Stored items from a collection
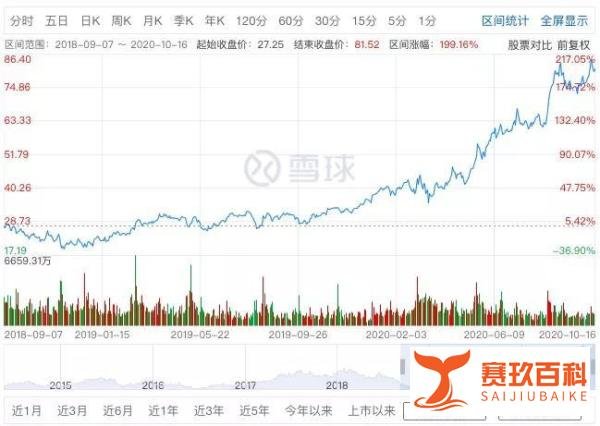 摇滚CEO徐雷带给京东的中年变革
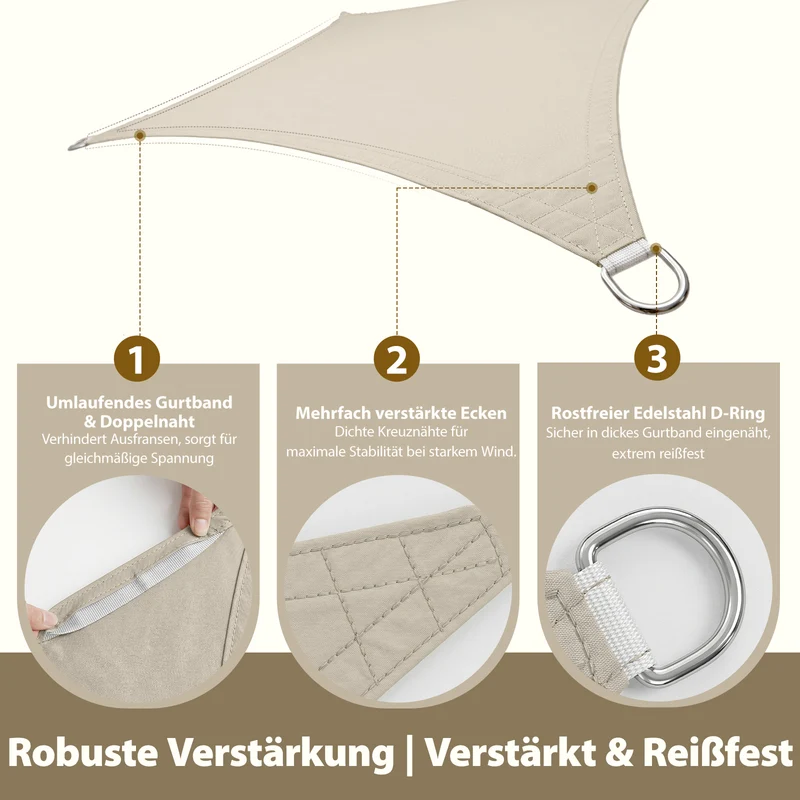 Sekey Sonnensegel Wasserdicht Rechteckig – ohne Mittelnaht, 160 g/m² PES, mit Edelstahl-Ringen & Lotus-Effekt, reißfest, 95% UV-Schutz für Balkon, Terrasse & Garten, Taupe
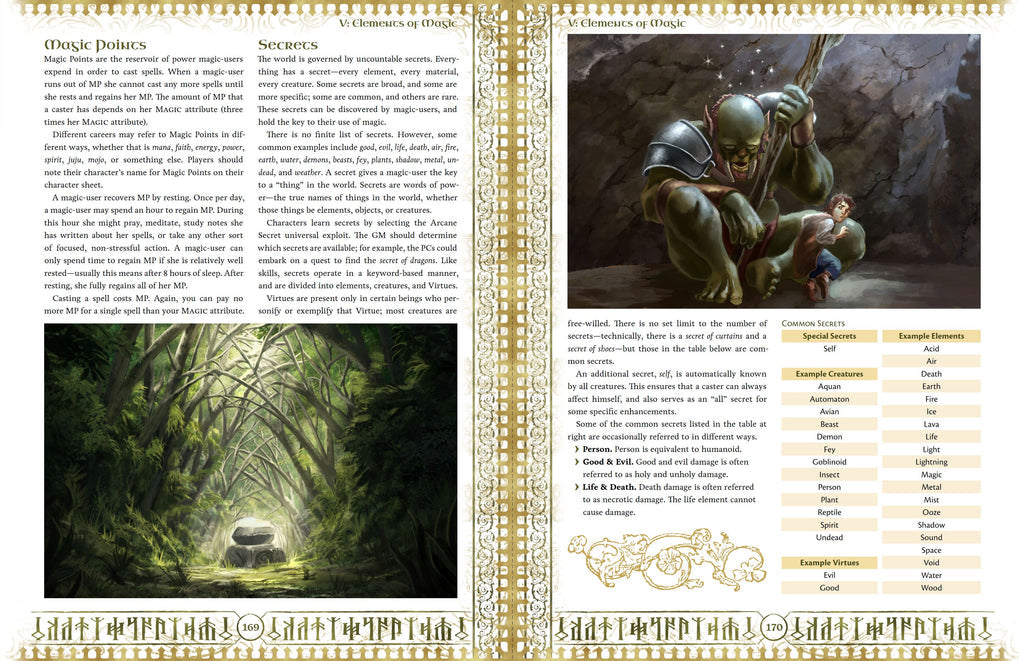 WOIN OLD: Fantasy Heroic V1.3 - RPG Book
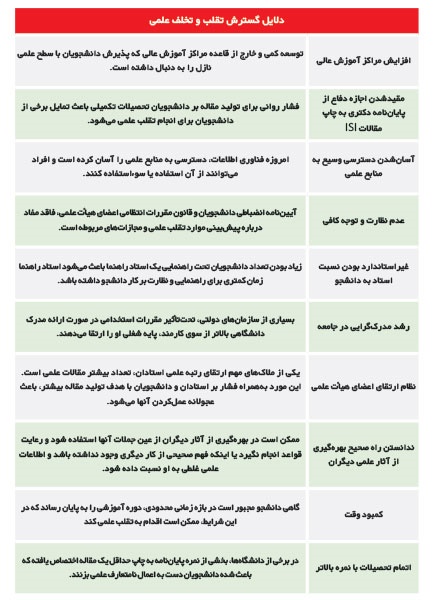 راه برای «جیببرهای» علمی باز است راه برای «جیببرهای» علمی باز است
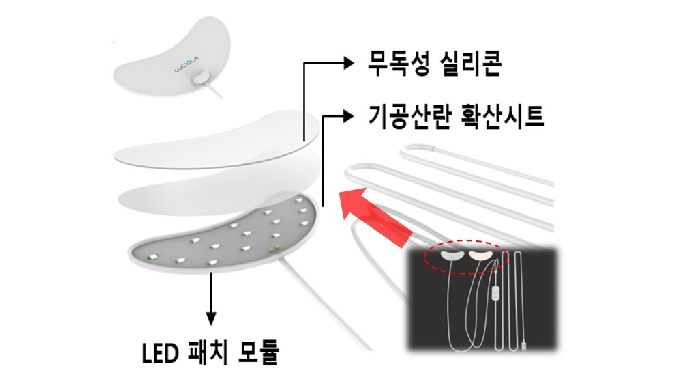 o LED module for low power, low heat and gigh uniformity special wavelengths by applying light diffu...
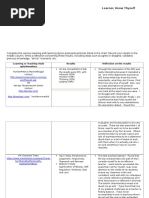 S Woodson-Revised Learning and Teaching Styles Chart-July 23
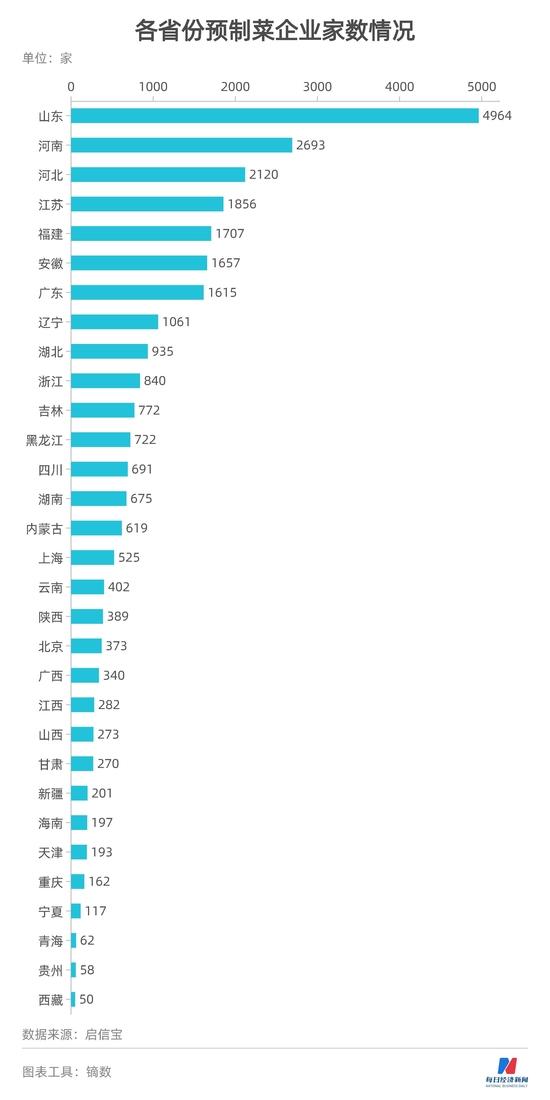 预制菜大省哪个强？论经营规模，北京第一，论家数，山东称雄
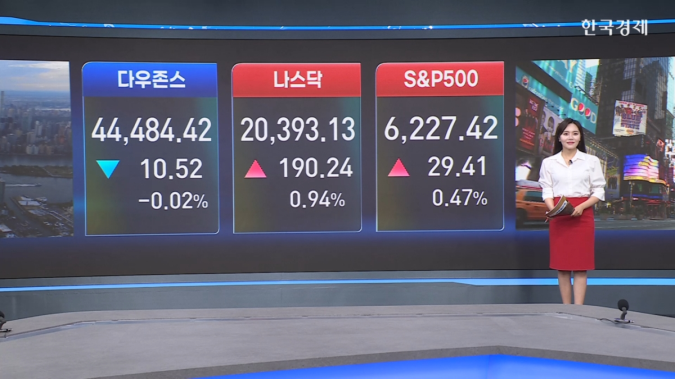 美 증시 혼조…美·베트남 무역협상 타결 -[美증시 시황]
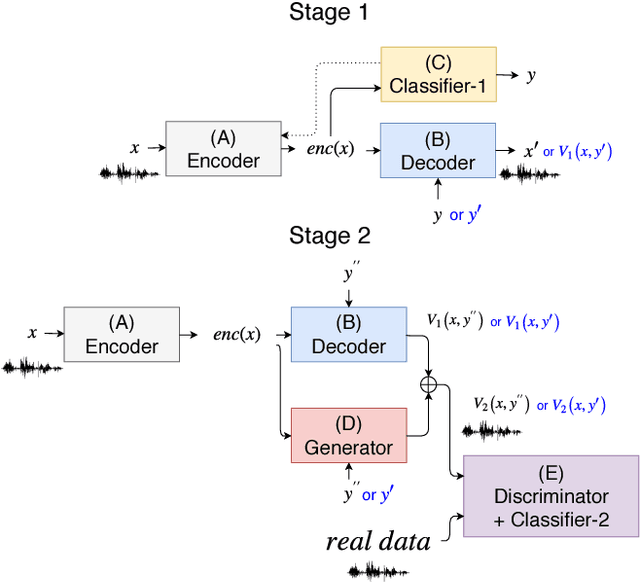 Figure 1 for Multi-target Voice Conversion without Parallel Data by Adversarially Learning Disentangled Audio Representations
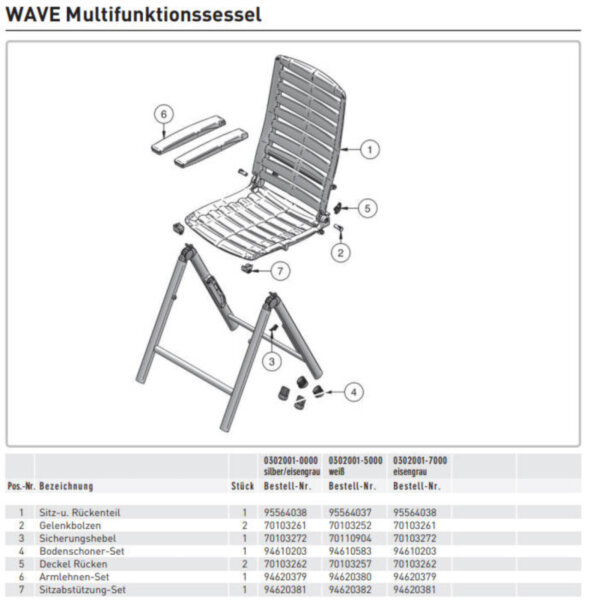 Armlehnen 2er Set für Kettler Multipositionssessel WAVE 0302001-0000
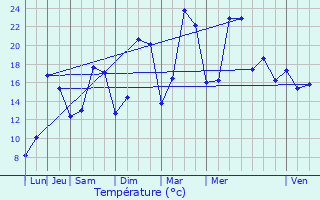 Graphique des tempratures prvues pour Courouvre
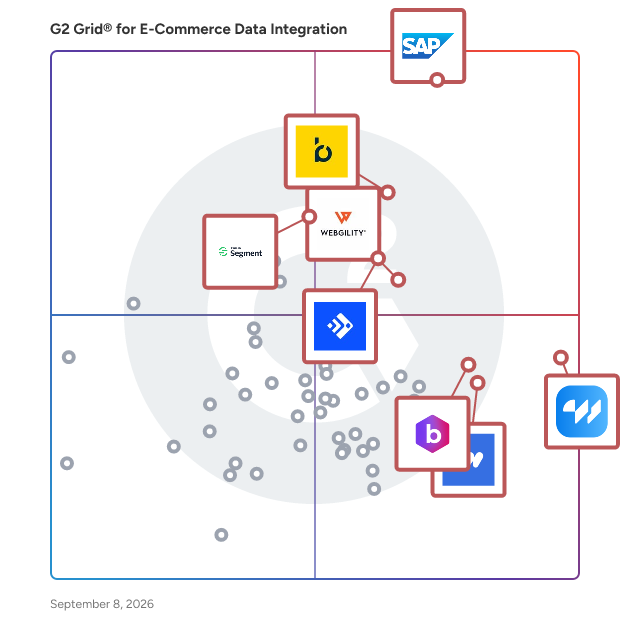 G2 Grid® for E-Commerce Data Integration Software plotting products by satisfaction and market presence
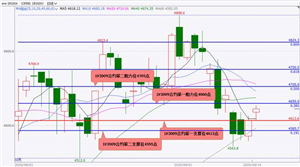 国泰君安期货：股指期货大概率将震荡上涨 黄金、白银期货大概率将震荡上涨 甲醇、棕榈油、豆油期货大概率将偏强震荡上涨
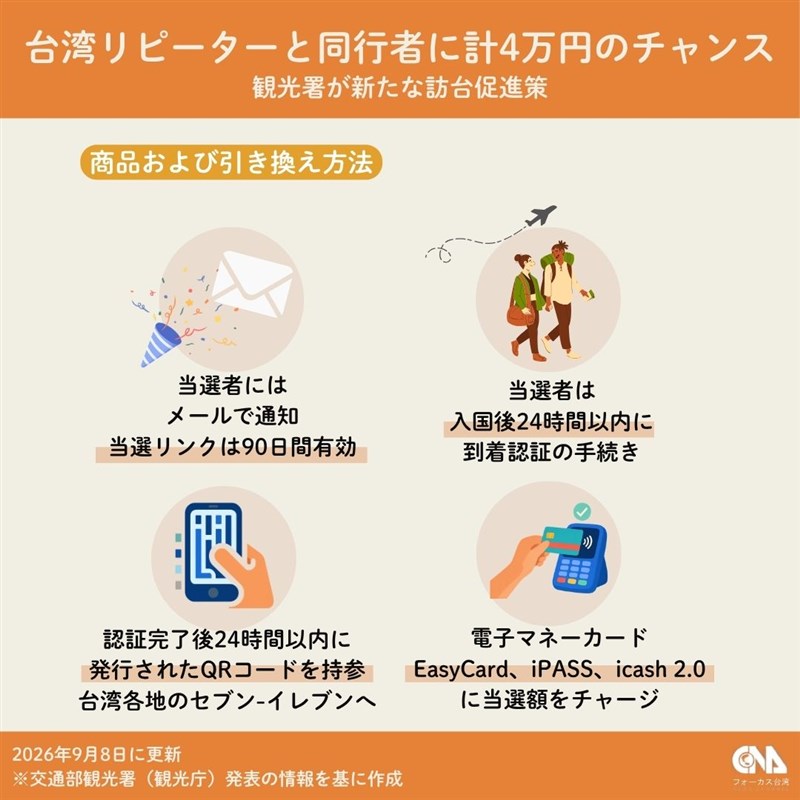 観光署による訪台促進策商品および引き換え方法（中央社作成）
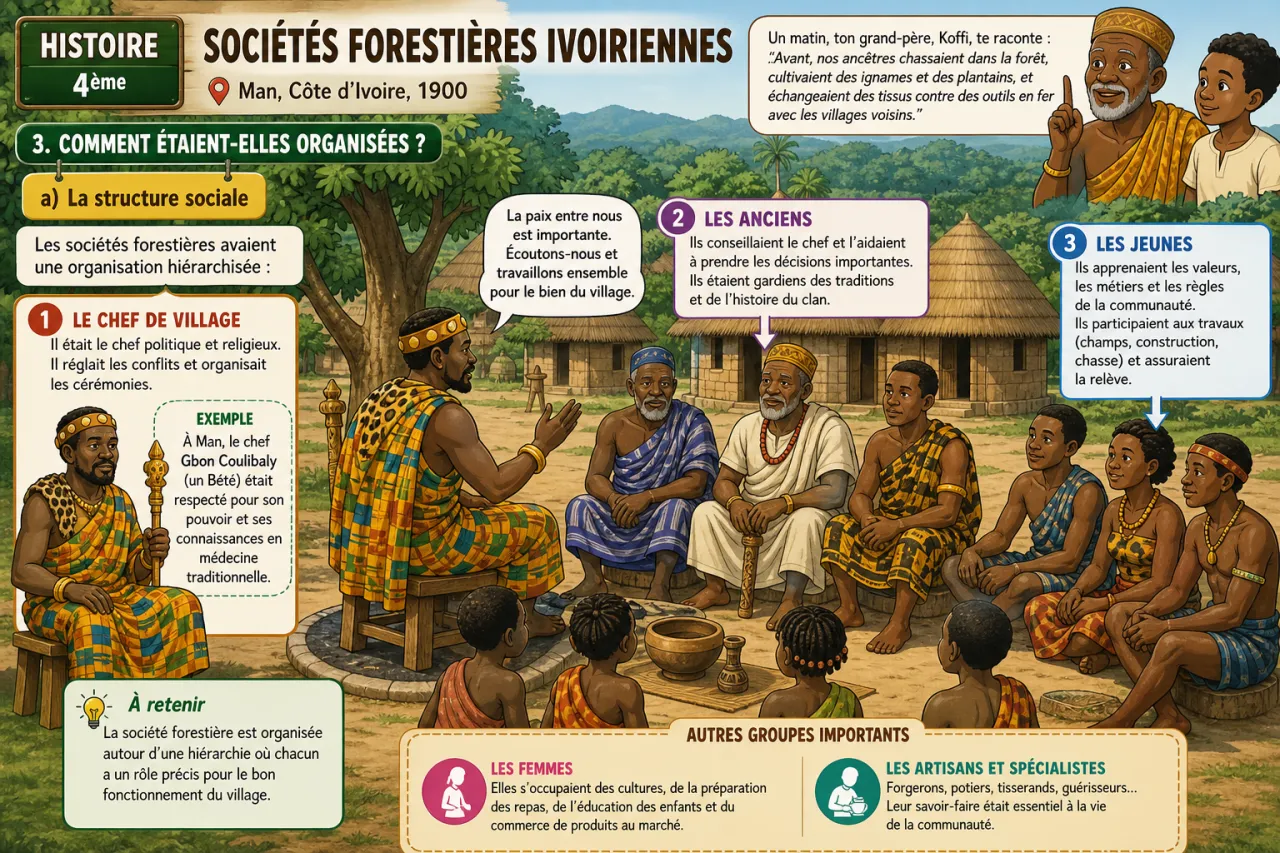 Sociétés forestières ivoiriennes — illustration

WHAT THIS TASK INVOLVES: After dropping the pictures, reproduce exactly the lines from the first line of the entries through the line containing "WOIN OLD: Fantasy Heroic V1.3 - RPG Book", both included.

SOLUTION TO THE EXERCISE:
 摇滚CEO徐雷带给京东的中年变革
 Sekey Sonnensegel Wasserdicht Rechteckig – ohne Mittelnaht, 160 g/m² PES, mit Edelstahl-Ringen & Lotus-Effekt, reißfest, 95% UV-Schutz für Balkon, Terrasse & Garten, Taupe
 WOIN OLD: Fantasy Heroic V1.3 - RPG Book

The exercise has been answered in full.